[[ Data for this exercise, beginning ]]

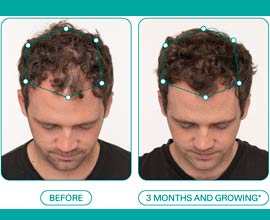 Nutrafol Hair Growth provided by Henderson Med Spa
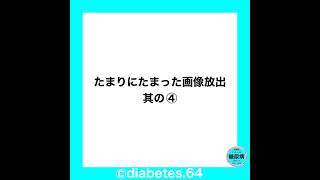 Diabetes糖尿病食事療法運動療法減量CKD網膜症白内障下肢閉塞性動脈硬化足病変 [upl. by Tychon381]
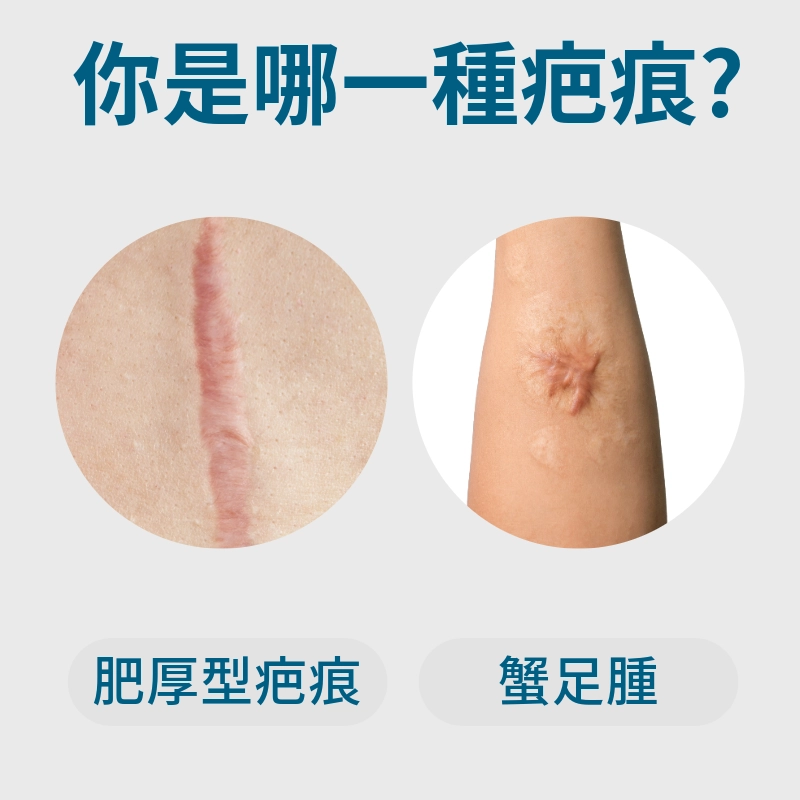 肥厚性疤痕跟蟹足腫一樣嗎?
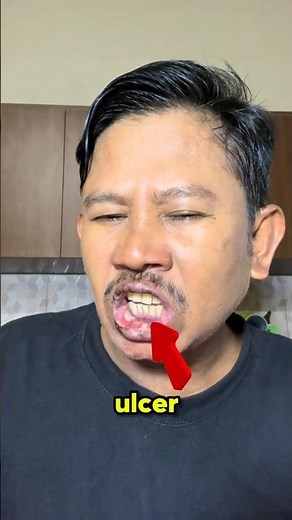 😱How to treat a mouth ulcer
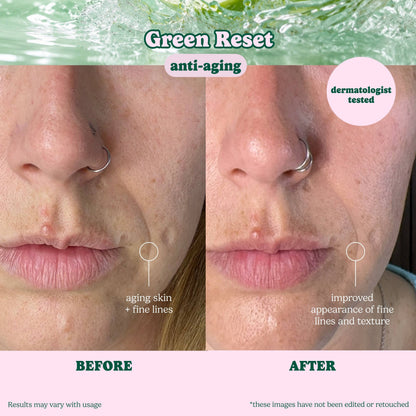 Green Reset Anti Aging Raw Juice Sheet Mask: With Peg Hole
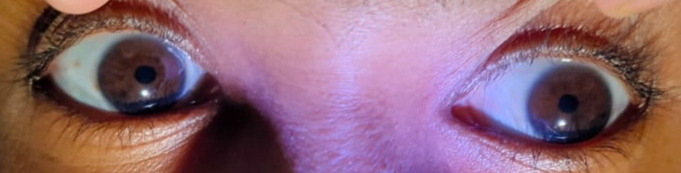 Adie's pupil and systemic manifestations: a rare unilateral presentation.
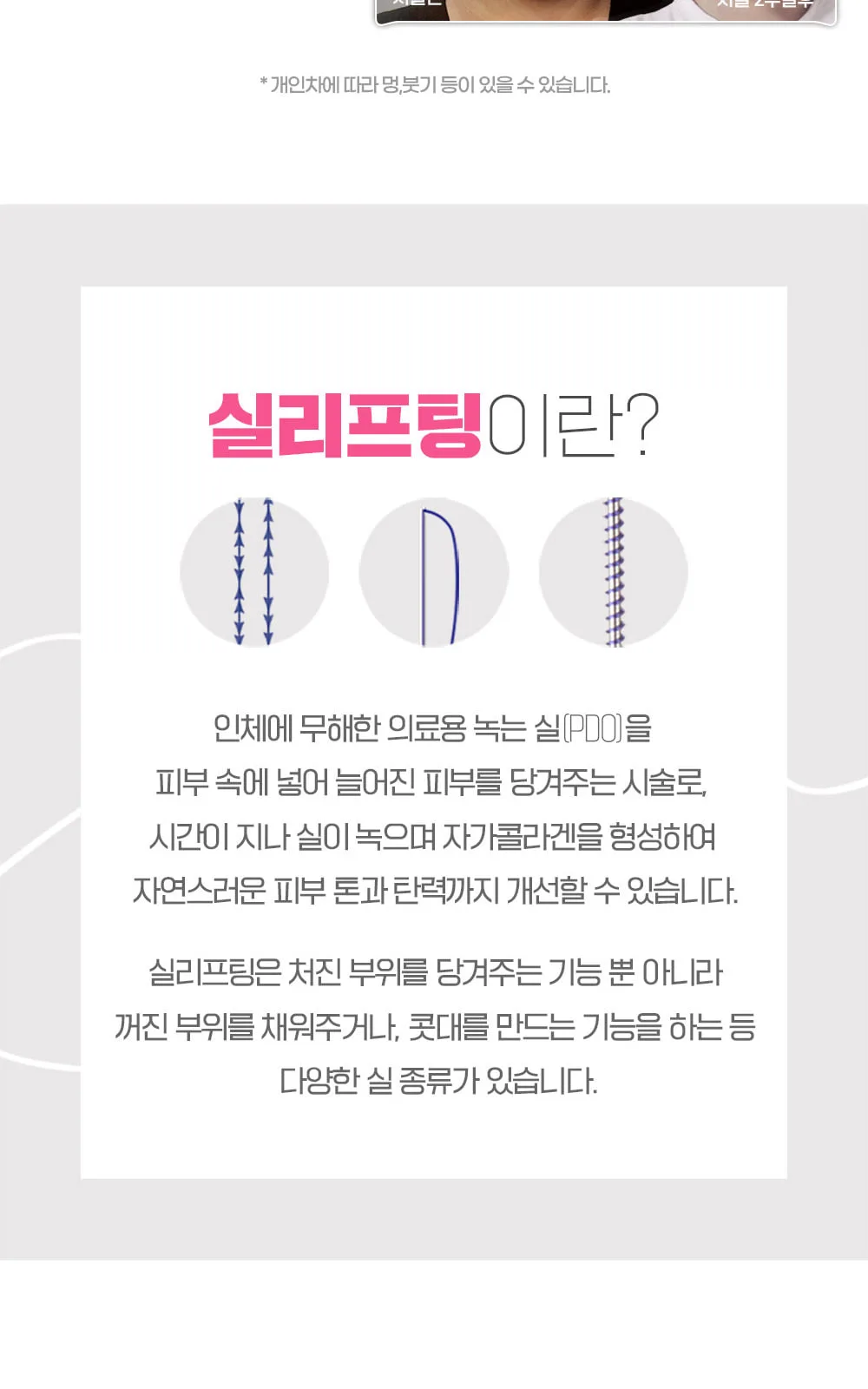 시술 상세 12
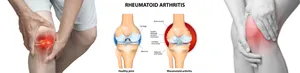 Rheumatoid Arthritis (RA)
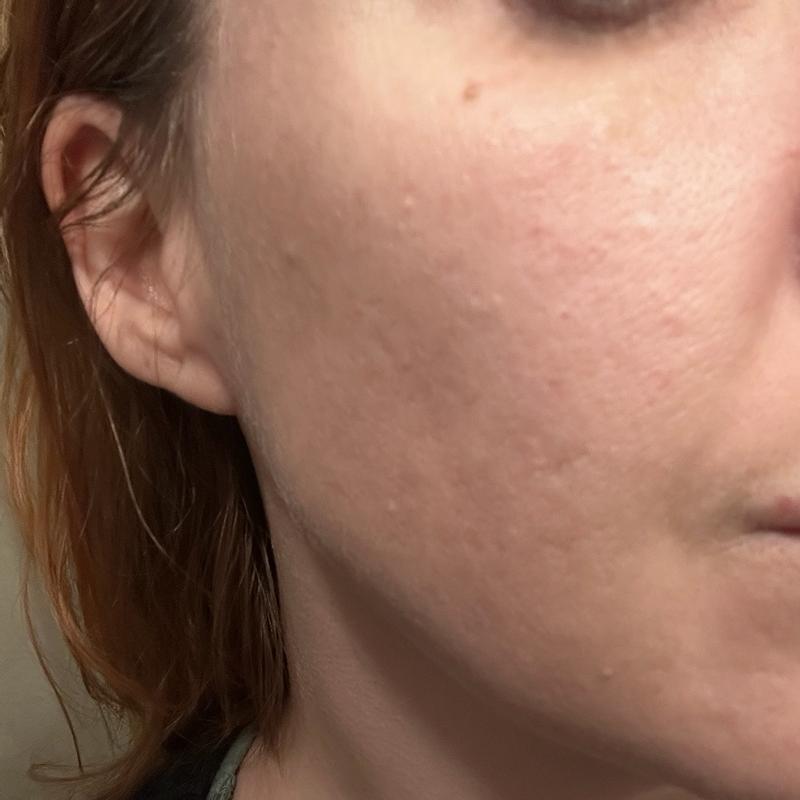 Customer carousel item 6.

[[ Data for this exercise, end ]]

> **Problem requirements**: Your answer must be only the lines from the one that holds "Diabetes糖尿病食事療法運動療法減量CKD網膜症白内障下肢閉塞性動脈硬化足病変 [upl. by" to the end of the listing, each restated word for word, with both ends kept and pictures left out.

> **Solution for this task**:
 Diabetes糖尿病食事療法運動療法減量CKD網膜症白内障下肢閉塞性動脈硬化足病変 [upl. by Tychon381]
 肥厚性疤痕跟蟹足腫一樣嗎?
 😱How to treat a mouth ulcer
 Green Reset Anti Aging Raw Juice Sheet Mask: With Peg Hole
 Adie's pupil and systemic manifestations: a rare unilateral presentation.
 시술 상세 12
 Rheumatoid Arthritis (RA)
 Customer carousel item 6.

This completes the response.